Data excerpts ->

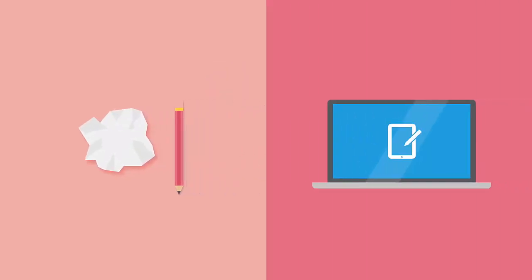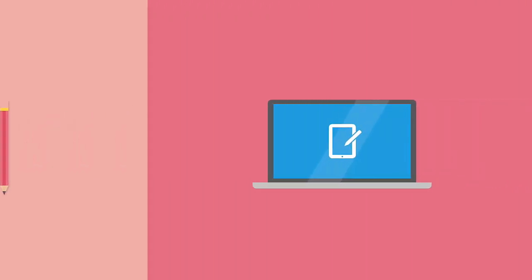The IDBS eWorkbook ELN, or Electronic Lab Notebook, replaces the traditional paper notebook with an easy-to-use software solution.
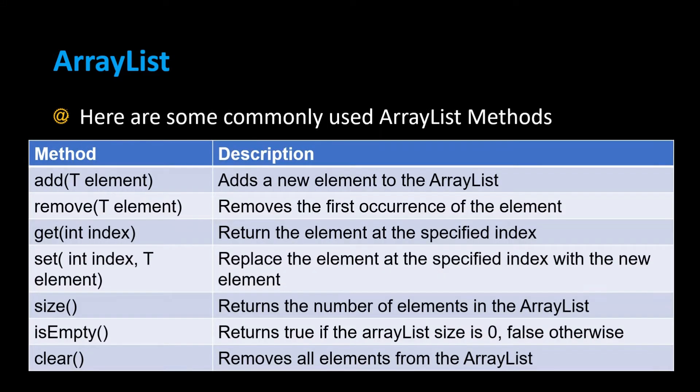Here are some commonly used ArrayList methods. There's the add method which adds a new element to the ArrayList. There's remove which removes the first occurrence of the element. Get will return the element at the specified index. Set will replace the element at that index with the new element you provide.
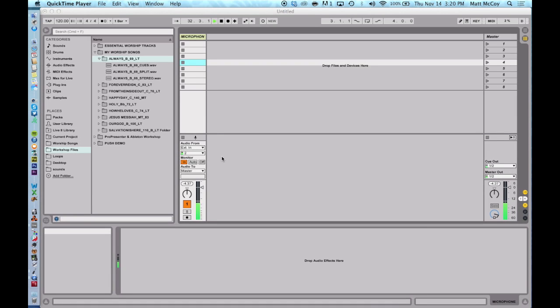Hey guys, what's up? This is Matt McCoy, one of the Ableton Certified Trainers for LoopCommunity.com.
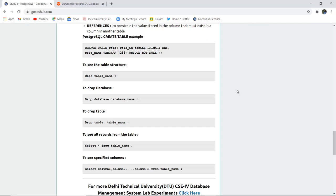To drop a table such as the employee table, I can write DROP TABLE employee. When I want to retrieve or select all the records to see what entries I have made, I can use SELECT * FROM table_name. For specific columns, if I want to only display the ID, I will select ID from employee.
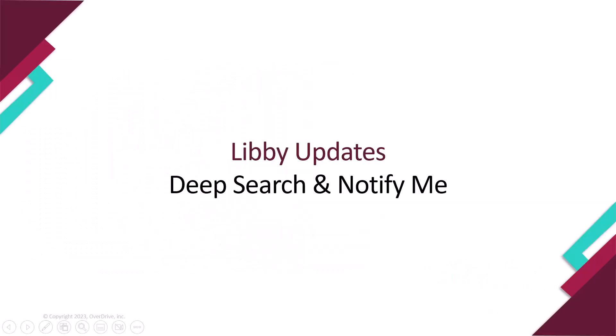Hello, this is Lauren from Overdrive's training team. In this video, we'll review the most recent updates in Libby, the library reading app.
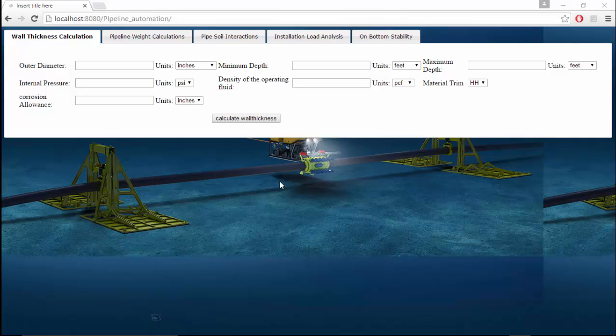Hi I'm Chetan Javardhan Gandula, a graduate student in subsea engineering at University of Houston. Today I'm going to explain an application that I've developed for subsea pipeline design.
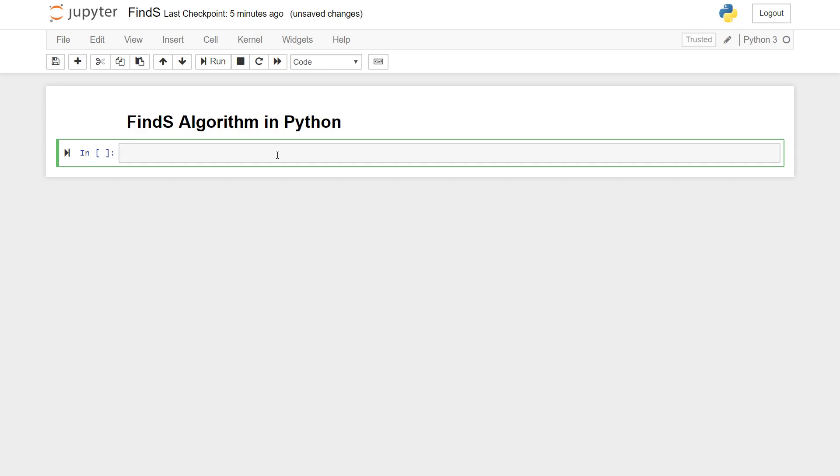Hey guys welcome to another video in machine learning made easy. In this video we will be implementing one of the most basic and simplest algorithms for machine learning in Python, that is the Find-S algorithm. If you don't have the conceptual understanding of how Find-S works, it's not much difficult to understand it.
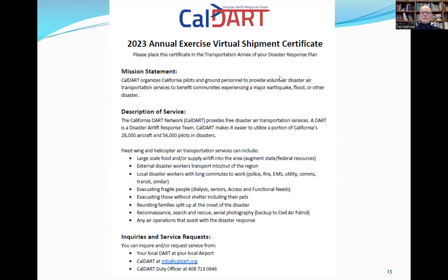We have a virtual shipment certificate. Customers are being asked to clip it into their disaster response plan binder in the transportation annex. When a disaster strikes and somebody sitting at a desk gets told to find transportation resources, we want them to come up on this certificate — it's a short, easy read that gives our contact information and how to ask for help.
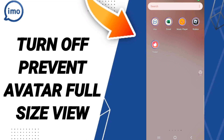Hi everyone, today we'll talk about how to turn off 'prevent avatar false size view' on the Emo app. To do this, you should go to the Emo app.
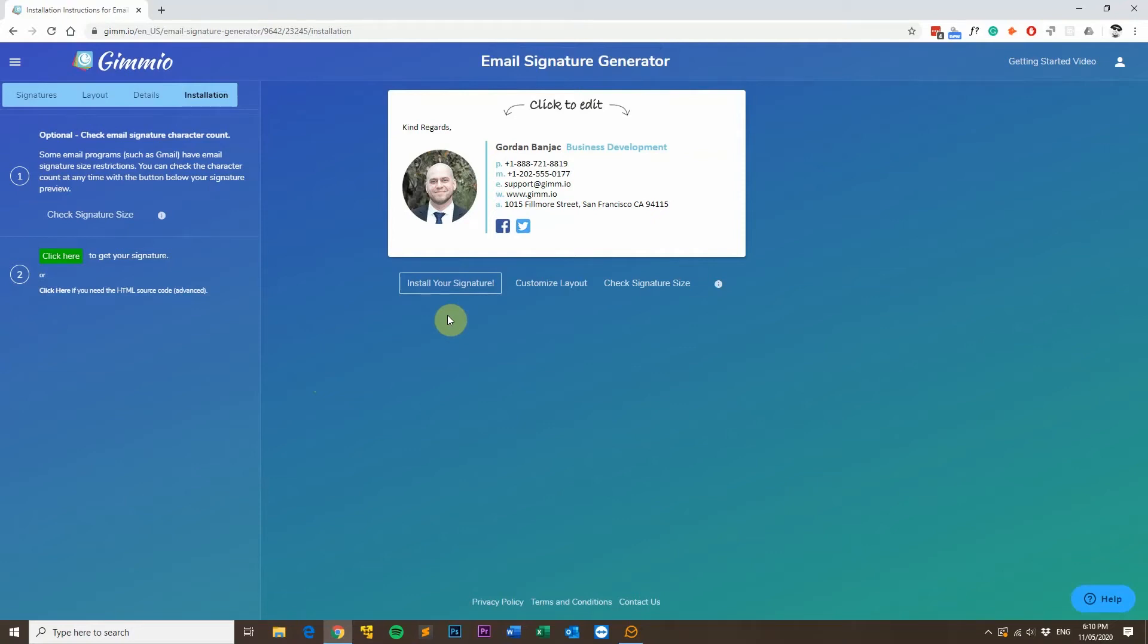Hi, my name is Gordon from Gimeo, and today I'm going to show you how to install a HTML email signature into EM Client for Windows.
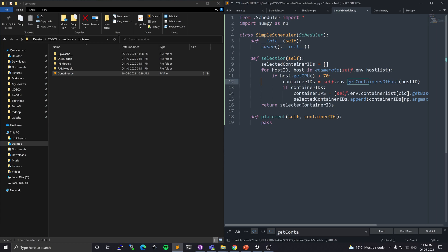So this is our selection policy. For our placement, let me show you how to use the co-simulation platform.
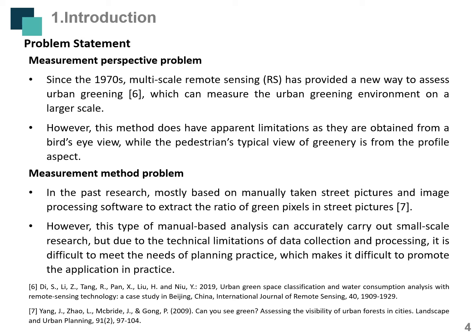The second problem is about measurement method. In past research, most studies were based on manually taken street-level pictures and image processing software to extract the ratio of green pixels. However, this type of manual-based analysis can only accurately carry out small-scale research. Due to technical limitations of data collection and processing, it is difficult to meet the needs of planning practice and promote application.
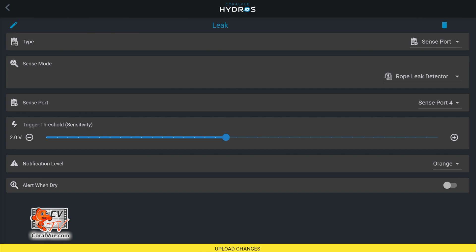Now don't forget to set your notification level. I don't know about you, but I want to know right away if there's a leak. So therefore I'm going to set the alarm level to red.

Task brief -> Only lines belong in the copy: transcribe those from the start of the data through the line that contains "Hey guys welcome", and skip the pictures.

Answer space ->
The IDBS eWorkbook ELN, or Electronic Lab Notebook, replaces the traditional paper notebook with an easy-to-use software solution.
Here are some commonly used ArrayList methods. There's the add method which adds a new element to the ArrayList. There's remove which removes the first occurrence of the element. Get will return the element at the specified index. Set will replace the element at that index with the new element you provide.
Hey guys, what's up? This is Matt McCoy, one of the Ableton Certified Trainers for LoopCommunity.com.
To drop a table such as the employee table, I can write DROP TABLE employee. When I want to retrieve or select all the records to see what entries I have made, I can use SELECT * FROM table_name. For specific columns, if I want to only display the ID, I will select ID from employee.
Hello, this is Lauren from Overdrive's training team. In this video, we'll review the most recent updates in Libby, the library reading app.
Hi I'm Chetan Javardhan Gandula, a graduate student in subsea engineering at University of Houston. Today I'm going to explain an application that I've developed for subsea pipeline design.
Hey guys welcome to another video in machine learning made easy. In this video we will be implementing one of the most basic and simplest algorithms for machine learning in Python, that is the Find-S algorithm. If you don't have the conceptual understanding of how Find-S works, it's not much difficult to understand it.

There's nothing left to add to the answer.